For the listing below, how many lines contain the word "chatting"? Answer with only that figure.

##### EXERCISE INPUTS

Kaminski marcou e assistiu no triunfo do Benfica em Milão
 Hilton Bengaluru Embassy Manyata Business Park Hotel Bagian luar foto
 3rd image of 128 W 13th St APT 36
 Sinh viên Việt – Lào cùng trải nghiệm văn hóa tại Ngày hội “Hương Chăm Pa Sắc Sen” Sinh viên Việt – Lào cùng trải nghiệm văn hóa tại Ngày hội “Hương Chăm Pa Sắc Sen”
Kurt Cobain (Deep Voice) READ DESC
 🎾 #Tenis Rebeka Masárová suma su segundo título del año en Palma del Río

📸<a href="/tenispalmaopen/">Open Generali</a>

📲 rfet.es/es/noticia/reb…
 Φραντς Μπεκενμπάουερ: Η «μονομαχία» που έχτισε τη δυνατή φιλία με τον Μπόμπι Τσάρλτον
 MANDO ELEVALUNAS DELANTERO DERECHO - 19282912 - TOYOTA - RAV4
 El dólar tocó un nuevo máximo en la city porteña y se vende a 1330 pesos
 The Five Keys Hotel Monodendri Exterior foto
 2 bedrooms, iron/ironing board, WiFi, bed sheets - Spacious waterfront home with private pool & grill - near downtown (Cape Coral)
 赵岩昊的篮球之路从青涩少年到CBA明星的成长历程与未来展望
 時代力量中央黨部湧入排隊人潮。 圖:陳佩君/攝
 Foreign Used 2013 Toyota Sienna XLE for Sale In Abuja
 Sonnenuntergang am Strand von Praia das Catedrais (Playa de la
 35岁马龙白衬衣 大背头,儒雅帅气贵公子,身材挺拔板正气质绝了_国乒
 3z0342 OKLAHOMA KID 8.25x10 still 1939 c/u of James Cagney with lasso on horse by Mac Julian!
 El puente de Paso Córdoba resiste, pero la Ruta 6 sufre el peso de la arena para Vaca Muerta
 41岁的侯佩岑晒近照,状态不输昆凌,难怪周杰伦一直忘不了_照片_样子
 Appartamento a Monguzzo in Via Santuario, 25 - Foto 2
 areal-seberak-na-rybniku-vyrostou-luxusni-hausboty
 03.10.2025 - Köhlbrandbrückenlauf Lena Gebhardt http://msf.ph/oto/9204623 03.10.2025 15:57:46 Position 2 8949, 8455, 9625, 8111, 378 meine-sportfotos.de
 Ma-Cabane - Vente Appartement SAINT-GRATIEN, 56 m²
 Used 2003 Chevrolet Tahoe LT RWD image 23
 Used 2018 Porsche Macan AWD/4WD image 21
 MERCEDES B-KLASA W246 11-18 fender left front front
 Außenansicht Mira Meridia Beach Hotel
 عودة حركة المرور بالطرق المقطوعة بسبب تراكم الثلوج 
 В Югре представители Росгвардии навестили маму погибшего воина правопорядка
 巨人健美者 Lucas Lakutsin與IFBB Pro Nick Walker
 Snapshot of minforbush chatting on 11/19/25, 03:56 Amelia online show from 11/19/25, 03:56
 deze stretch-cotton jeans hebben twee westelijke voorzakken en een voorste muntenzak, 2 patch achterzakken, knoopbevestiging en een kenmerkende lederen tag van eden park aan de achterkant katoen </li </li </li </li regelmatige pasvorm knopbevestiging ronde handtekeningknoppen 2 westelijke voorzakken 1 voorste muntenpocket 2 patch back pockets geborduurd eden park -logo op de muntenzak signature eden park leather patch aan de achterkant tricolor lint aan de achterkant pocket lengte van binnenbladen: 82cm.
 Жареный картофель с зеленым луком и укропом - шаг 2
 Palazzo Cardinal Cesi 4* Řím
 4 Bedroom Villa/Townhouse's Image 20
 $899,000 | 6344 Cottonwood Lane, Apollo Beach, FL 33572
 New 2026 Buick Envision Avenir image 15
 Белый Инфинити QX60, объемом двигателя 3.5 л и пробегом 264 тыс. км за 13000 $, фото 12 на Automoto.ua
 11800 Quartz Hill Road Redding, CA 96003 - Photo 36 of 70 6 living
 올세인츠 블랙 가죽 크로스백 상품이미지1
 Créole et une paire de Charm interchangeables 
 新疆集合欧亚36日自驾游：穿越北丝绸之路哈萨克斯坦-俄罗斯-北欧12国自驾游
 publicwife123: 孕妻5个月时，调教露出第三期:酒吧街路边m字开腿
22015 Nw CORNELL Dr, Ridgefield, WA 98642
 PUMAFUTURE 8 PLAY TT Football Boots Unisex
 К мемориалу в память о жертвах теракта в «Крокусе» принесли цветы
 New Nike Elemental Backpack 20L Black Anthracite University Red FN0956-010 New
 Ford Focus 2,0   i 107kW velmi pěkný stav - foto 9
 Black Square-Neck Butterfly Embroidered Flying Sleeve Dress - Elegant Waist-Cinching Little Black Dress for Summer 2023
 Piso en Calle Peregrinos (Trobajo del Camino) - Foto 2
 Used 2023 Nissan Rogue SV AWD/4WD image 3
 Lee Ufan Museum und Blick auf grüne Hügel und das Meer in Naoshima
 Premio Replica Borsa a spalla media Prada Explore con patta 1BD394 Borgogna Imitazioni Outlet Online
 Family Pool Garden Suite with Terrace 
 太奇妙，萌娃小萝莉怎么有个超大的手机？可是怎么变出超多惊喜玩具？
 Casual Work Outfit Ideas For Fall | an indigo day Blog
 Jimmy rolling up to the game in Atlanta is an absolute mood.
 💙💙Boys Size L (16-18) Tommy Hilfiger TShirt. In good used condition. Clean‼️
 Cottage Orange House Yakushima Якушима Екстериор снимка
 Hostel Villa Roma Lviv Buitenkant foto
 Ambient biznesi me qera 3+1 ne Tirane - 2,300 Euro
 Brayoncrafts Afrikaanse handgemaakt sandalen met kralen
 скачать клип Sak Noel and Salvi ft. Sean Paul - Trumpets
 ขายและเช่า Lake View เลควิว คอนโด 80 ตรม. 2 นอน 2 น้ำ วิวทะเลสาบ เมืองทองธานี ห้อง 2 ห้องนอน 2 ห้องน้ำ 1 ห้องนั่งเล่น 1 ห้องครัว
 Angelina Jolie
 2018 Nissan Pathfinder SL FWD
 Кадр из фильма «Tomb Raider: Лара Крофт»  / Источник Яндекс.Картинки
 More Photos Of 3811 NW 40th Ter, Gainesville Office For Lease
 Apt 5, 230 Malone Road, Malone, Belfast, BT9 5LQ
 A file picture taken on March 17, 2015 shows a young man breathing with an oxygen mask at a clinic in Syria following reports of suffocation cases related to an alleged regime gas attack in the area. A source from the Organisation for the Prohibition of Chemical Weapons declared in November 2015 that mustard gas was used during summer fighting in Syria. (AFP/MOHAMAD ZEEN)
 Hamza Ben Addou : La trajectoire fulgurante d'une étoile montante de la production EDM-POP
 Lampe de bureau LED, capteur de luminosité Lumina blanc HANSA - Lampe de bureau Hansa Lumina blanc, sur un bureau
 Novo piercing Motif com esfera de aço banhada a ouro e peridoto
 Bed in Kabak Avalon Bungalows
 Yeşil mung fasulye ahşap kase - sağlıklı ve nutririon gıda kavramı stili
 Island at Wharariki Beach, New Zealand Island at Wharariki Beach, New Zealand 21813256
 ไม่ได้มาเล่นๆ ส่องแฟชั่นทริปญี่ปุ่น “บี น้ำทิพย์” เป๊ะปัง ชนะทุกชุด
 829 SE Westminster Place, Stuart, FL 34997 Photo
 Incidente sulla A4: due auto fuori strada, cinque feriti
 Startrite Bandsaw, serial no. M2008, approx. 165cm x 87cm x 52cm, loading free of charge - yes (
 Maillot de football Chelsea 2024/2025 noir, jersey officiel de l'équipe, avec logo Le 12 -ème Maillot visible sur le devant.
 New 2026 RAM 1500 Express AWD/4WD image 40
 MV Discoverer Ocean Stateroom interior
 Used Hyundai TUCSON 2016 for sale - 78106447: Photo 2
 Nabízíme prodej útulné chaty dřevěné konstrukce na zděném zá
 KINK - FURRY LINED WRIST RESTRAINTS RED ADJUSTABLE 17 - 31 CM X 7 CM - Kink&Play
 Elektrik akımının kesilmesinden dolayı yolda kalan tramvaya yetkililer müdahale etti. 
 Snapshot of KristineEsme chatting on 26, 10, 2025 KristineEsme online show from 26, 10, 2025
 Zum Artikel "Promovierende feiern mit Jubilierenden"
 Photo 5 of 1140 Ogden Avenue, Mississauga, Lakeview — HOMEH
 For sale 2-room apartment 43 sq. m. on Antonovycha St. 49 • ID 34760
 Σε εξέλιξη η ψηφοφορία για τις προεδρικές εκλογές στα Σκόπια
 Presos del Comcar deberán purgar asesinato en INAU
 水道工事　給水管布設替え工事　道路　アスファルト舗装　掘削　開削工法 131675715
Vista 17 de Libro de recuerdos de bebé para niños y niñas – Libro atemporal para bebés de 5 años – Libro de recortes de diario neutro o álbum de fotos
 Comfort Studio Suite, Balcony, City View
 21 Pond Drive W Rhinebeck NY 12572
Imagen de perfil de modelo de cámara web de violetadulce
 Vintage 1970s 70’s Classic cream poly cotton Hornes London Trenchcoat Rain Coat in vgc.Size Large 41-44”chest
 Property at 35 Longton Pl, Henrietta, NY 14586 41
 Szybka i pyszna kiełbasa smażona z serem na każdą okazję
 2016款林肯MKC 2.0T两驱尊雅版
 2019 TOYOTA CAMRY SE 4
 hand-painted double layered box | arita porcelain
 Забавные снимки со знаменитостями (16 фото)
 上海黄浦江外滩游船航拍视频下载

##########

(RESPONSE) 2